Exercise objective:
Return a copy of every line in the data below that contains "Blue".

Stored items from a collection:
▼

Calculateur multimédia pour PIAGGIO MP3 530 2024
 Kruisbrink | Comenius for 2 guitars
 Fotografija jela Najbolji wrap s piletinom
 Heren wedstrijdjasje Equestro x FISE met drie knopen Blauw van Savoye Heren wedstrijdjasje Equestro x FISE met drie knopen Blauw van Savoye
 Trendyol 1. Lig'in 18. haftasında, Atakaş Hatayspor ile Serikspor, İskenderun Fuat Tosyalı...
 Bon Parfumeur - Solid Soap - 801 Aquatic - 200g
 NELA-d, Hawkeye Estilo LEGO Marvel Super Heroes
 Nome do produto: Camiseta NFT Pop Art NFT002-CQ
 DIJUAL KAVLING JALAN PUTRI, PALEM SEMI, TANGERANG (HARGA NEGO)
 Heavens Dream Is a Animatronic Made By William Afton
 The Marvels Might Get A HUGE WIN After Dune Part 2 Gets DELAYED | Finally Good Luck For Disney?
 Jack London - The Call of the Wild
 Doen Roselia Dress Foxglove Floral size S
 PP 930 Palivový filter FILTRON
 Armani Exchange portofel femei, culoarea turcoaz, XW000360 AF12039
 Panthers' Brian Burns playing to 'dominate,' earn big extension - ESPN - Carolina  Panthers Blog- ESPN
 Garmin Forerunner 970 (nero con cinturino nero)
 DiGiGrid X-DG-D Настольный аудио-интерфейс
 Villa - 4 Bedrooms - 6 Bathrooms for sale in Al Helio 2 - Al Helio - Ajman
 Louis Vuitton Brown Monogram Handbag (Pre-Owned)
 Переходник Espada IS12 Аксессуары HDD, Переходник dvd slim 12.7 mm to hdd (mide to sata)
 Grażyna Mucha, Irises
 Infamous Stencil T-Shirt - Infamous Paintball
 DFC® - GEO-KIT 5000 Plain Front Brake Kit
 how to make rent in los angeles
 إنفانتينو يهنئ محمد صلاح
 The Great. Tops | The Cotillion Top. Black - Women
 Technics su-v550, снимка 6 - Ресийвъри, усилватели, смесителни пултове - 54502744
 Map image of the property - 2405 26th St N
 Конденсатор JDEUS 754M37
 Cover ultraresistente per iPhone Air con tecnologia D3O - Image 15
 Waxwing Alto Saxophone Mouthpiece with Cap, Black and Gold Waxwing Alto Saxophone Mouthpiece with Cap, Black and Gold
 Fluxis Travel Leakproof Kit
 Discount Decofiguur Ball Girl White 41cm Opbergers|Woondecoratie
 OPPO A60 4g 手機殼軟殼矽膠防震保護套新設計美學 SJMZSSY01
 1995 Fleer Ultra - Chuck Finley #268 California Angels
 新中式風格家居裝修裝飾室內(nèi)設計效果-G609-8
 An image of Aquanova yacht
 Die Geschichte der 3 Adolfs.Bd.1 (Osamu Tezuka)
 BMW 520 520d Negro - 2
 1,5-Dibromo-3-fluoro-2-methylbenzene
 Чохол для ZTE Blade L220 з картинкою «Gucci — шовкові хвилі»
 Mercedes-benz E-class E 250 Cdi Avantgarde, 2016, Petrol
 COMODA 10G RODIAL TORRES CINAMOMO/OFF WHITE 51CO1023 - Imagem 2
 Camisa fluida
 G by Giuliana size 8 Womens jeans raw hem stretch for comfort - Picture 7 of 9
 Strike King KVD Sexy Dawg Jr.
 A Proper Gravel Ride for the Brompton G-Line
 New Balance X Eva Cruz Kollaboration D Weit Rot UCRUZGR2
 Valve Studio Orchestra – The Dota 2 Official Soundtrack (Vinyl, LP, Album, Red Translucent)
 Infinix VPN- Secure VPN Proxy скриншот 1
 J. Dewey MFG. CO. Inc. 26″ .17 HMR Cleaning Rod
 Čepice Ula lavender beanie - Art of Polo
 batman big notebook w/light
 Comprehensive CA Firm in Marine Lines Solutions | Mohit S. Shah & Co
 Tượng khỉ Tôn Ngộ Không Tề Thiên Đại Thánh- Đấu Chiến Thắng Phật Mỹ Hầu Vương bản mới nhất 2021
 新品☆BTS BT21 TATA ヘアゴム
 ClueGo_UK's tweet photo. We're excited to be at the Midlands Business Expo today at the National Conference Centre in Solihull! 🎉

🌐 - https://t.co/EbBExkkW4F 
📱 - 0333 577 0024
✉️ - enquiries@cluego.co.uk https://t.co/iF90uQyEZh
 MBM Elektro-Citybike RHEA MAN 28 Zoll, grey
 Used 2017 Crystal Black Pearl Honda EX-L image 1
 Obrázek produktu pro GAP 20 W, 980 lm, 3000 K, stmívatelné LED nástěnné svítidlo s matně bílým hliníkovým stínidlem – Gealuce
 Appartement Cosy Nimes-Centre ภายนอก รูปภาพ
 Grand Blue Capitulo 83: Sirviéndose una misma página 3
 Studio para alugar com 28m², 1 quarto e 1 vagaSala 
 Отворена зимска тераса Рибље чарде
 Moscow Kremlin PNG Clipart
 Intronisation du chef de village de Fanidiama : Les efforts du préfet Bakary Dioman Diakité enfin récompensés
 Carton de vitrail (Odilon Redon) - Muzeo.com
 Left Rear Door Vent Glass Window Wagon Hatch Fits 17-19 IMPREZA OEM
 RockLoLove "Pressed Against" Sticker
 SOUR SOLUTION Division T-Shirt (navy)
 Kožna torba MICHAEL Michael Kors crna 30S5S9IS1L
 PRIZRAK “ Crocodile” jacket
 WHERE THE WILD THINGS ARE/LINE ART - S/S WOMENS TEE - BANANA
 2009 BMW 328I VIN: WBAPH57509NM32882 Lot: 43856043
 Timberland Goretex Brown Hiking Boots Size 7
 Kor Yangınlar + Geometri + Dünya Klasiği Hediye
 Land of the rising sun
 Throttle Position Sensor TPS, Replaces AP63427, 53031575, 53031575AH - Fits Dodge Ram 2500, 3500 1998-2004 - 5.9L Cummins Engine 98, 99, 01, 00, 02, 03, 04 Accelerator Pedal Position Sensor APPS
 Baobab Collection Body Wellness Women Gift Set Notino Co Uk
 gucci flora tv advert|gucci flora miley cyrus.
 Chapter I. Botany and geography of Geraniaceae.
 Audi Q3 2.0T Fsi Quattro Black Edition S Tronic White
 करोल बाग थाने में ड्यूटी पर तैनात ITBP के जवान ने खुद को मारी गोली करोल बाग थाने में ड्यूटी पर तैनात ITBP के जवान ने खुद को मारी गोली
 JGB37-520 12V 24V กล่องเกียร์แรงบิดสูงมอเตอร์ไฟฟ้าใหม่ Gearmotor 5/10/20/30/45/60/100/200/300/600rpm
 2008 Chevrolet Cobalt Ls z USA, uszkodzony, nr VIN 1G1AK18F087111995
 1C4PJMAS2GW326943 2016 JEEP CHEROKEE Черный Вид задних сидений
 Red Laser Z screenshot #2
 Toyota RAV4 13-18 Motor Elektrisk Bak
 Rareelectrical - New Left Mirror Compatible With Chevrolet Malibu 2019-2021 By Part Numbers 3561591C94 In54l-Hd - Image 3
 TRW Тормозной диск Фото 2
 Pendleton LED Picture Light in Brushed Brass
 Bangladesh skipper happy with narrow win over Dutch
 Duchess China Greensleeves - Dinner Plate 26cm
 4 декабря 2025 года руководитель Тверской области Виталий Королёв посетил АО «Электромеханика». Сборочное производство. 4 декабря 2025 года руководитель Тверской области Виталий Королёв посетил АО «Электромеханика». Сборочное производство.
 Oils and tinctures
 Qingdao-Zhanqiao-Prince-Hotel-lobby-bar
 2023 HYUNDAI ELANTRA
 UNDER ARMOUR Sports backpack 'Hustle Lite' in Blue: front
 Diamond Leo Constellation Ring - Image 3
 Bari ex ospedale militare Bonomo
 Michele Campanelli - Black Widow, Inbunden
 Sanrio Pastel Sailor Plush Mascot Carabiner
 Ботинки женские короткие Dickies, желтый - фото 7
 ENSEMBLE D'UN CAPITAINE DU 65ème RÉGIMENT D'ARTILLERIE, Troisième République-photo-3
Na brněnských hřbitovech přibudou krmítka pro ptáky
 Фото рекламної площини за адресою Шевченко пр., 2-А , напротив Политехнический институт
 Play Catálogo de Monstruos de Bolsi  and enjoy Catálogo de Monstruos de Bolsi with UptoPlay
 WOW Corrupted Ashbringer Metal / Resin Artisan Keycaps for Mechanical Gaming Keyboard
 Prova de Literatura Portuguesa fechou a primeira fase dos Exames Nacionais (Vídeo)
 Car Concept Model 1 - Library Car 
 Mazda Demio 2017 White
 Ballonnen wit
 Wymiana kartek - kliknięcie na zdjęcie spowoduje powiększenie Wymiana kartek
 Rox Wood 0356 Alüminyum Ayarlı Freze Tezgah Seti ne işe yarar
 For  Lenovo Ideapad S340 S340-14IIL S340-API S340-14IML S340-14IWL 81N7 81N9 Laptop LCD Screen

▲

Expected answer:
 Grand Blue Capitulo 83: Sirviéndose una misma página 3
 UNDER ARMOUR Sports backpack 'Hustle Lite' in Blue: front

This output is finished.